**Problem requirements**: Only an exact copy is wanted: the lines from the one holding "Grupo rebelde derruba" through the last line below, minus the pictures.

**Provided data**:
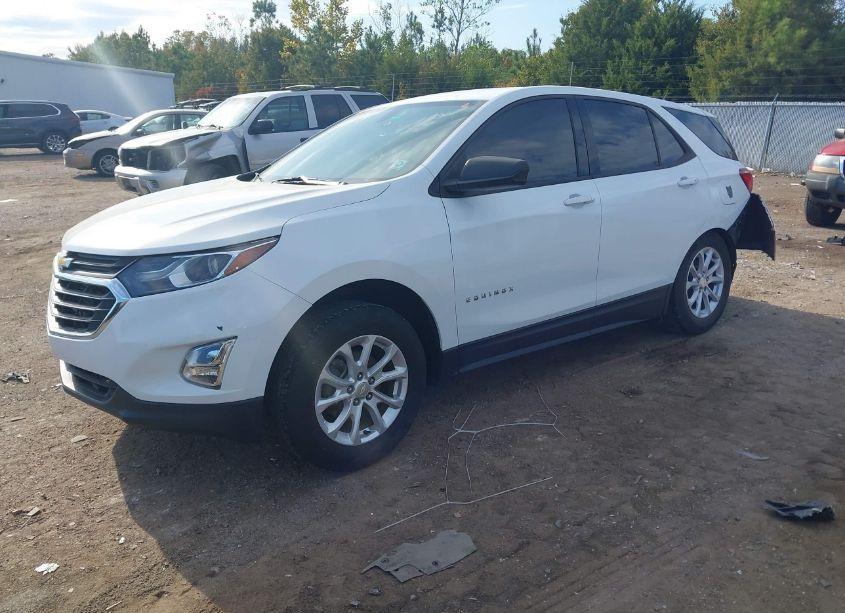 Photo 2 of 2019 Chevrolet Equinox LS (VIN 3GNAXHEV9KS508411)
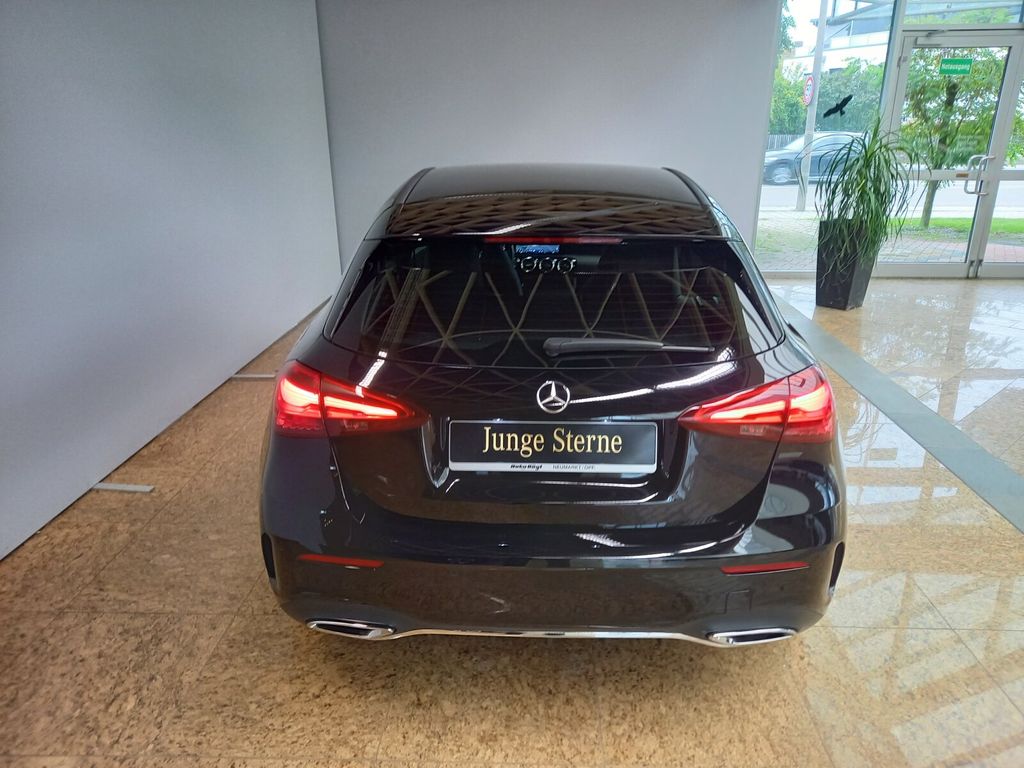 Mercedes-Benz A 220 2024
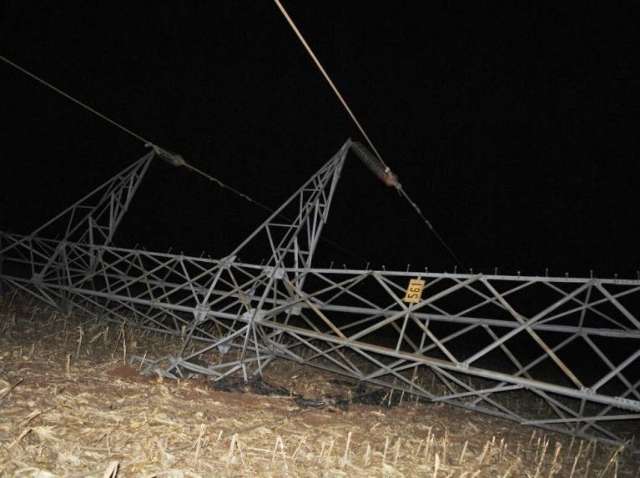 Grupo rebelde derruba torres e deixa Pedro Juan sem energia por 12 horas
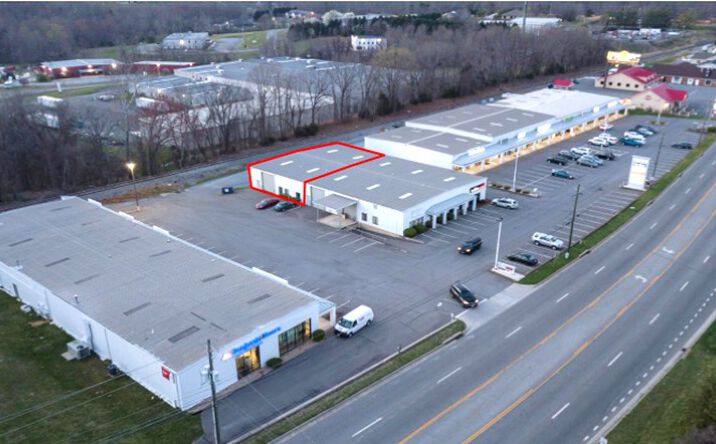 Pictures of Retail, Office, Industrial property located at 17824 Forest Rd, Forest, VA 24551 for lease - image #1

**Answer section**:
 Grupo rebelde derruba torres e deixa Pedro Juan sem energia por 12 horas
 Pictures of Retail, Office, Industrial property located at 17824 Forest Rd, Forest, VA 24551 for lease - image #1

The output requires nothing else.